Planet-disc interaction in laminar and turbulent discs

Abstract

In weakly ionized discs turbulence can be generated through the vertical shear instability (VSI). Embedded planets feel a stochastic component in the torques acting on them which can impact their migration. In this work we study the interplay between a growing planet embedded in a protoplanetary disc and the VSI-turbulence. We performed a series of three-dimensional hydrodynamical simulations for locally isothermal discs with embedded planets in the mass range from 5 to 100 Earth masses. We study planets embedded in an inviscid disc that is VSI unstable, becomes turbulent and generates angular momentum transport with an effective $\alpha = 5 \cdot 10^{-4}$. This is compared to the corresponding viscous disc using exactly this $\alpha$-value. In general we find that the planets have only a weak impact on the disc turbulence. Only for the largest planet ($100 M_\oplus$) the turbulent activity becomes enhanced inside of the planet. The depth and width of a gap created by the more massive planets ($30, 100 M_\oplus$) in the turbulent disc equal exactly that of the corresponding viscous case, leading to very similar torque strengths acting on the planet, with small stochastic fluctuations for the VSI disc. At the gap edges vortices are generated that are stronger and longer lived in the VSI disc.

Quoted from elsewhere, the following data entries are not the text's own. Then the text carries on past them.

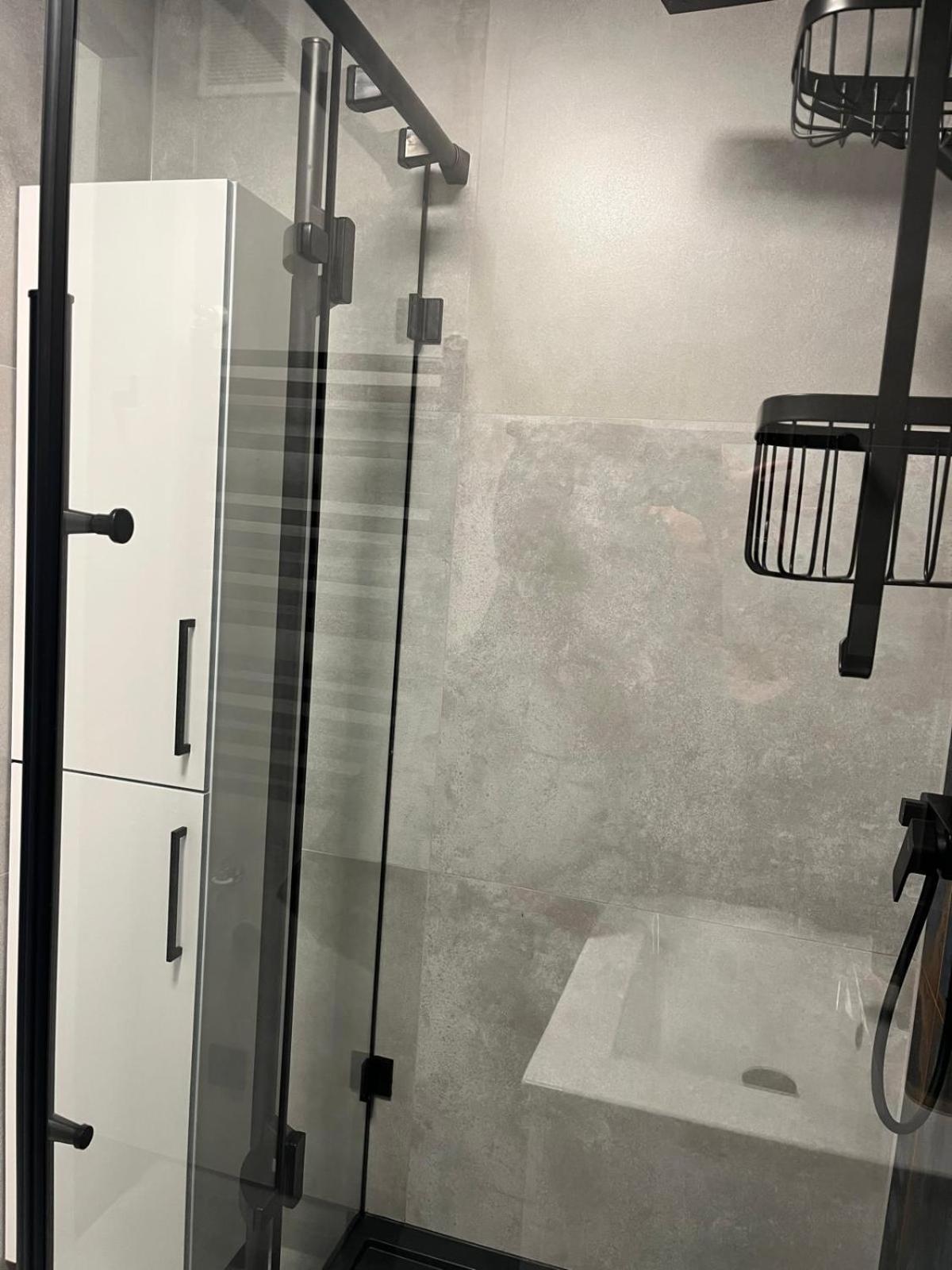 Apartament Natalia Szklarska Poreba Bagian luar foto
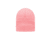 Buff DryFlx Beanie, Solid Rose Pink, 118099.561.10.00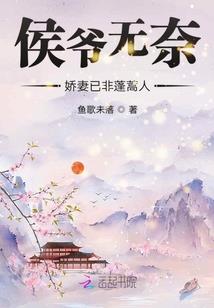 属猪和属狗配不配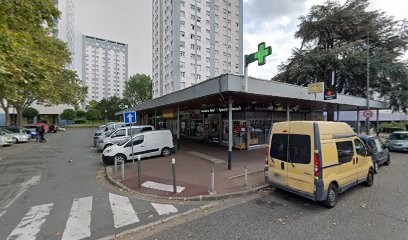 Thierry Barthel - Ostéopathe, Ostéopathe à Chevilly-Larue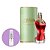 Fracionado La Belle Jean Paul Gaultier Perfume Feminino Eau de Parfum 5ml - Imagem 1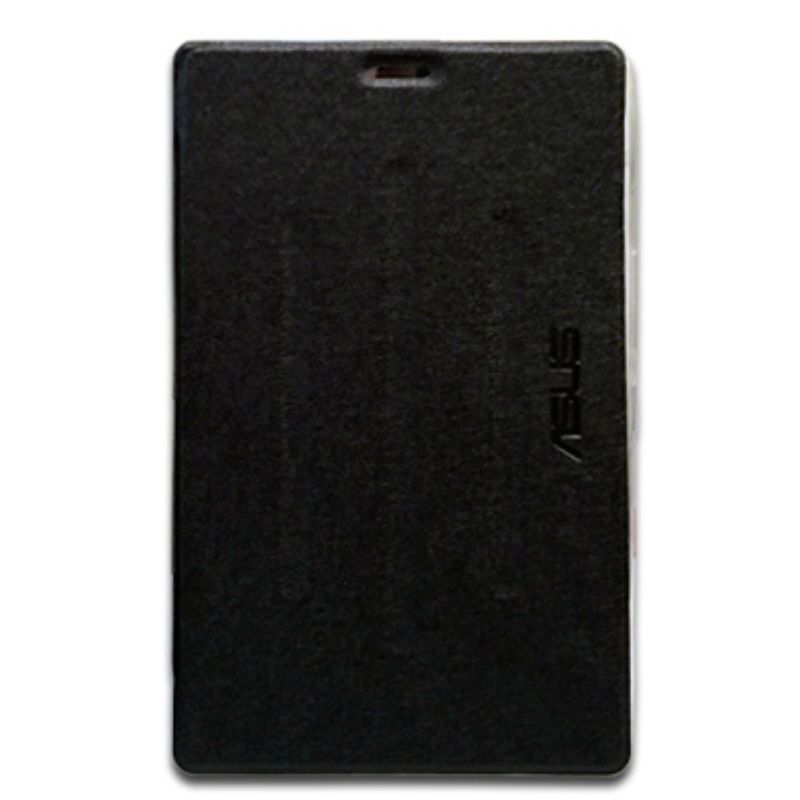 کیف تبلت ایسوس Asus Z370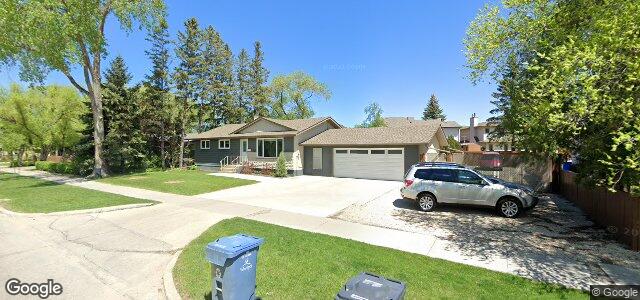 355 Mcivor Avenue ਦੀ ਫੋਟੋ, ਵਿਨੀਪਿਗ, ਮੈਨੀਟੋਬਾ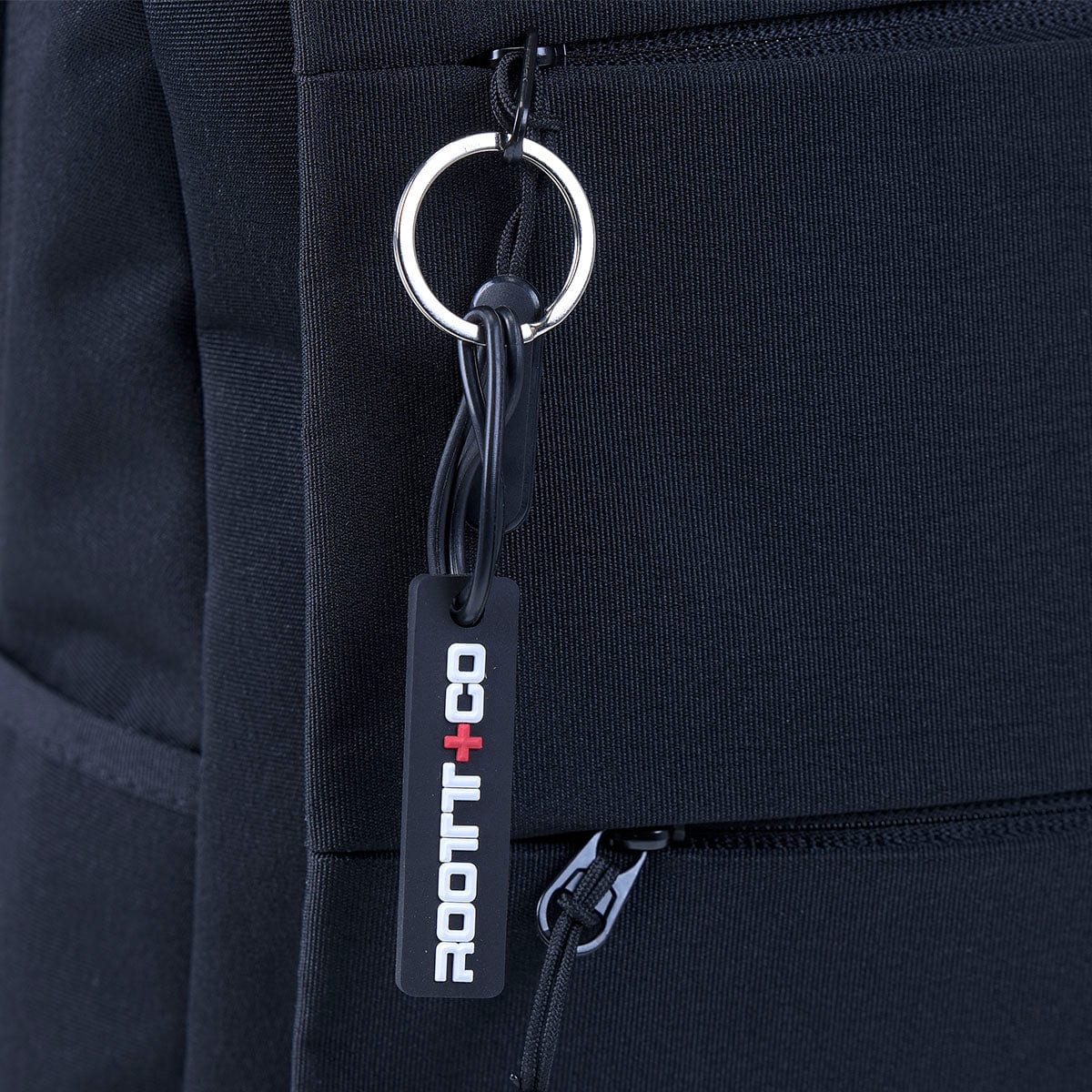 Morral Negro - imagen 10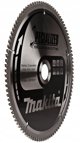 Metabo MAKITA CIRCULAR SAW 260x30x100z SPECIALIZED ALUMINUM
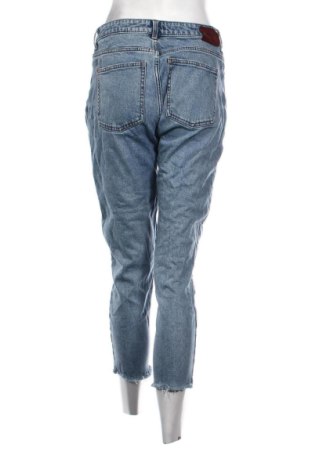 Damen Jeans ONLY, Größe M, Farbe Blau, Preis 22,99 €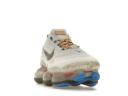 Nike Air Max Scorpion FK Hiking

Low mass planets (with $M_p \leq 10 M_\oplus$) do not open gaps in the disc in both cases but generate for the turbulent disc an over-density behind the planet that exerts a significant negative torque. This can boost the inward migration in VSI turbulent discs well above the Type I rate. Due to the finite turbulence level in realistic three-dimensional discs the gap depth will always be limited and migration will not stall in inviscid discs.